Our heroine's long lashes drooped upon a cheek that crimsoned like the heart of a June rose, as she timidly answered:

"Yes, madame."

"You are extremely pretty, child, and very young to be a mother. Have you any other children?"

"None," replied Rose, "but Charley."

"And you would not give him up to me?" asked madame, coaxingly. "Do you think his father would object?"

"His father is dead, madame," said Rose, in a low voice.

"Pardon me, child, I did not know that you were a widow. _I_ am a widow.

It is very dull, being a widow; don't you think so, dear? Did your husband leave you property?"

"No," replied Rose, answering the inexcusable question, for she could not bear to seem disrespectful to Vincent's mother.
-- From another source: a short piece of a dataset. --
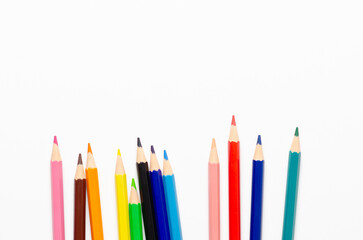 Collection of colorful sharpened pencils on a white background with copy space.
"That is a pity, dear; my husband left me plenty. I shall will it all to Charley, if you will only give him up to me. What was your husband's name, dear."

"Vincent L'Estrange Vincent;" answered Rose, startled at the strange sound of her own voice.

"Singular! Same name as my son's," said madame, "Very singular."

"He _was_ your son;" said Rose, in the same strange, cold tone.

"My son never was married;" replied madame.

"G.o.d knows he told me we were so, and I believed him," answered Rose.